UC San Diego

Gonadotropin releasing hormone (GnRH) is vital to the proper pituitary gonadotrope function as it regulates LH and FSH synthesis and secretion. GnRH causes cell-cycle arrest in pituitary LbetaT2 gonadotrophs, leading to apoptosis. Microarray and q-PCR analyses show that the mouse EST, AK006051, encoding two intronic micro-RNAs, miR -132 and miR-212, is highly induced under GnRH treatment. As miR-132/212 have been linked to neuronal development, we hypothesized that these miRNAs might be linked to cell- cycle arrest in LbetaT2 gonadotrophs. GnRH treatment for increasing times causes a dose-dependent increase in AK006051 promoter activity and a concomitant increase in miR-132/212 expression which is abolished by pretreatment with the adenylate cyclase inhibitor SQ22536 and the MEK inhibitor U0126. Marked increases in both the number and morphology of neurites protruding from LbetaT2 cells are observed after 24h of GnRH treatment. As well, GnRH causes a pulse frequency-dependent increase in AK006051. GnRH inhibits p250RhoGAP expression through a miR-132/212 response element within the 3' UTR of p250RhoGAP. Knockdown of p250RhoGAP by siRNA induces the same morphology observed with GnRH treatment.

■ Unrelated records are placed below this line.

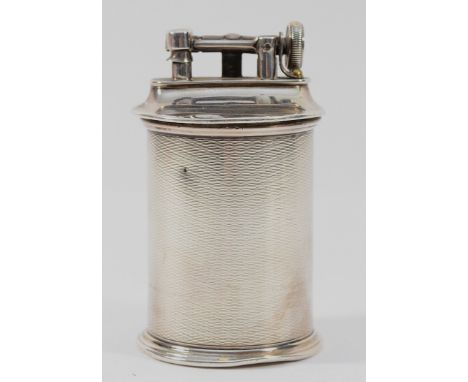 A silver petrol table lighter, by John Collard Vickery, Birmingham 1928, 9cm tall.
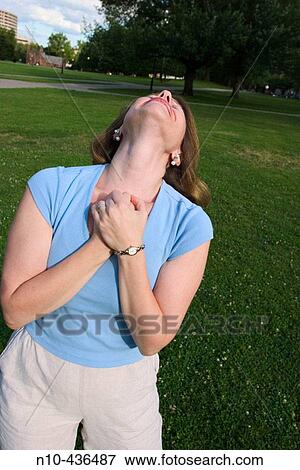 Stock Photo - Young woman, standing on the grass at a park, dramatically gesturing.. Fotosearch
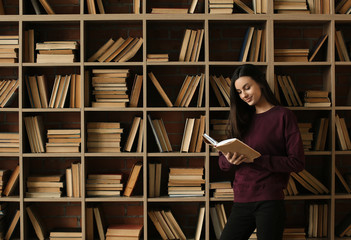 Portrait of beautiful young woman with book in library © Pixel-Shot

Since p250RhoGAP stimulates proliferation in fibroblasts and suppresses neurite outgrowth in neurons, our findings suggest that miR-132/212 induction by GnRH is required for cell cycle arrest. We also suggest that apoptosis is due to degradation of SirT-1, another miR-132/212 target, leading to unchecked activation of p53. In conclusion, these data suggest a mechanism by which gonadotrophs synchronize their responses to GnRH leading to coordinated LH and FSH secretion by modulating synaptic-like contacts between gonadotrophs thereby regulating reproductive function.